20. Statutory interest when using third party funds for payment in full (and PRU/RTLU appointed) (Wilcock v Duckworth[2005] BPIR 682 ChD)

In the case of Wilcock v Duckworth [2005] BPIR 682 ChD, the court considered the payment of statutory interest when using third party funds. At the time of the bankruptcy order (August 1992), there were insufficient funds to pay creditors, the official receiver was appointed trustee, and the case was subsequently passed to the Insolvency Service Protracted Realisations Unit in operation at that time ("PRU"), to deal with an outstanding property interest.   In January 2003 an insolvency practitioner trustee was appointed to realise the property interest, which had substantially increased since the date of bankruptcy.

Mr Wilcock sought annulment of the bankruptcy order on the grounds of payment in full, using third party funds. As in the case of Gill v Quinn [2004] (see paragraphs 17 to 18), due to the time which had elapsed since the making of the bankruptcy order, difficulties arose in identifying all of the creditors.

 

21. Dispute as to whether statutory interest due

In Wilcock v Duckworth (see paragraph 6A.37) The court was asked to consider the point regarding statutory interest as it related to the possible annulment.   Mr Wilcock argued that it would be unfair to pay statutory interest when it took such a long time to appoint the trustee, and that as third party funds were being used, statutory interest was not payable under section 328 as confirmed by the decision in Re a Debtor (No 37 of 1976) [1981] All ER 129.

The court held that where an application for annulment on the grounds of payment in full is made and third party funds are used, that should not be used as a vehicle to deny creditors the interest they would otherwise seek to claim under section 328(4).  Also that as a pre-requisite to annulment, evidence should be provided that creditors have been contacted, and interest should be paid or an allowance made for the interest on the creditors’ claims.

 

22. Creditor categories and period for which statutory interest should be paid

In deciding which creditors should be paid statutory interest, the court decision in the case of Wilcock v Duckworth [2005] BPIR 682 ChD divided the creditors in to three categories :

  1. Creditors who require interest to be paid;
  2. Creditors who advise the trustee that they waive their claims to interest ;
  3. Creditors who offer no view (including creditors that cannot be located)

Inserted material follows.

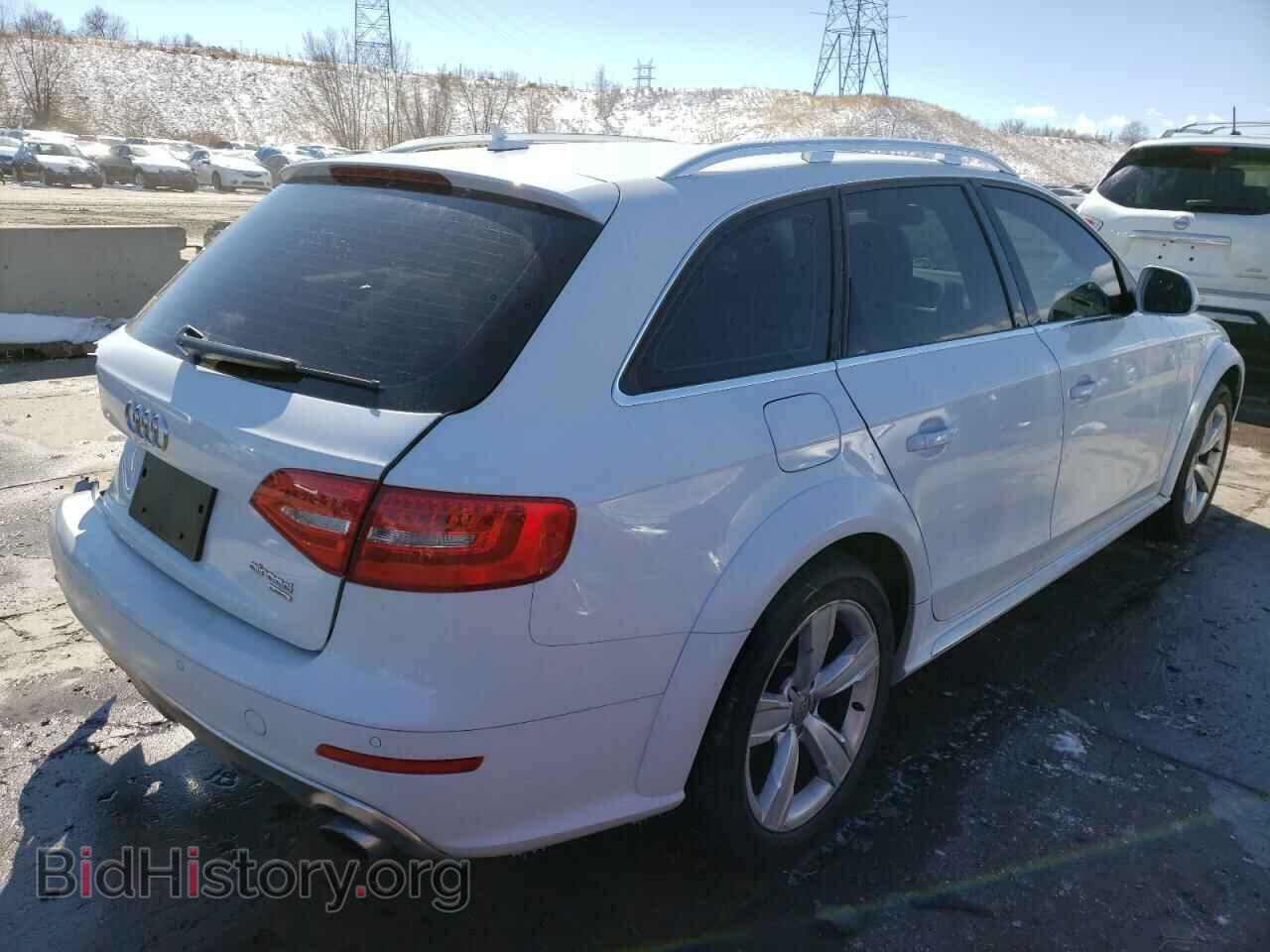 2014 AUDI A4 - VIN: WA1UFAFL5EA121450 - Фото 4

With regard to the period for which statutory interest should be paid, the court decided that the debtor should pay statutory interest on the debts from the date of the bankruptcy order, to the date the official receiver was released; and then for the period from the date of the appointment of a trustee until annulment. This solution is only to be applied where creditors have been denied their money over a long period, but also where it would be unfair for the debtor to carry the burden of interest for the entire period in those cases where considerable time has elapsed.

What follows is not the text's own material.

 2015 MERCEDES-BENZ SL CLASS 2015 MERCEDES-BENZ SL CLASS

In making this judgment the court considered the decision in Harper v Buchler [2004] BPIR 724 concerning circumstances where there is sufficient surplus to pay the debts in full with statutory interest (see paragraphs 23 to 26).

 

23. Payment of statutory interest payment not an automatic pre-requisite for annulment

In contrast to the case of Wilcock v Duckworth [2005] BPIR 682 ChD (see paragraphs 20 to 22) the court in the case of Harper v Buchler [2004] BPIR 724 decided that statutory interest is not automatically a bankruptcy debt, therefore payment of such is not a pre-requisite to obtaining an annulment on payment in full grounds. 

  

24. Payment of statutory interest dependent on the source of funds used for annulment application

The court in Harper v Buchler (see paragraphs 23 to 24) held that regard should be had to the source of funds being made available to discharge creditors,  when considering whether provision for statutory interest should be made i.e. whether third party funds are introduced to pay the debts or sufficient assets exist in the bankruptcy estate to discharge the original debts in full plus the statutory interest .

 

25. Third party monies not to be used to avoid paying statutory interest

Following on from the decision in Harper v Buchler (see paragraphs 23 to 24) other than when the annulment application is made very shortly after the making of the bankruptcy order, it is not acceptable for the bankrupt to seek to use third party funds to obtain his/her annulment as a means of avoiding payment of statutory interest in those cases where there would be sufficient funds in the bankruptcy estate to pay all of the debts with statutory interest.

 

26. Surplus cases -  payment of statutory interest a pre-requisite for annulment

In Harper v Buchler (No 2) [2005] BPIR 577, due to property prices increasing in the ten years between the date of the bankruptcy order (1995) and the date of the annulment application, assets held within the bankruptcy estate provided funds which were more than sufficient to pay not only all of the debts, costs and liabilities of the bankruptcy but also statutory interest. The court held that this was a case where it was entirely appropriate for statutory interest to be paid before an order of annulment could be granted.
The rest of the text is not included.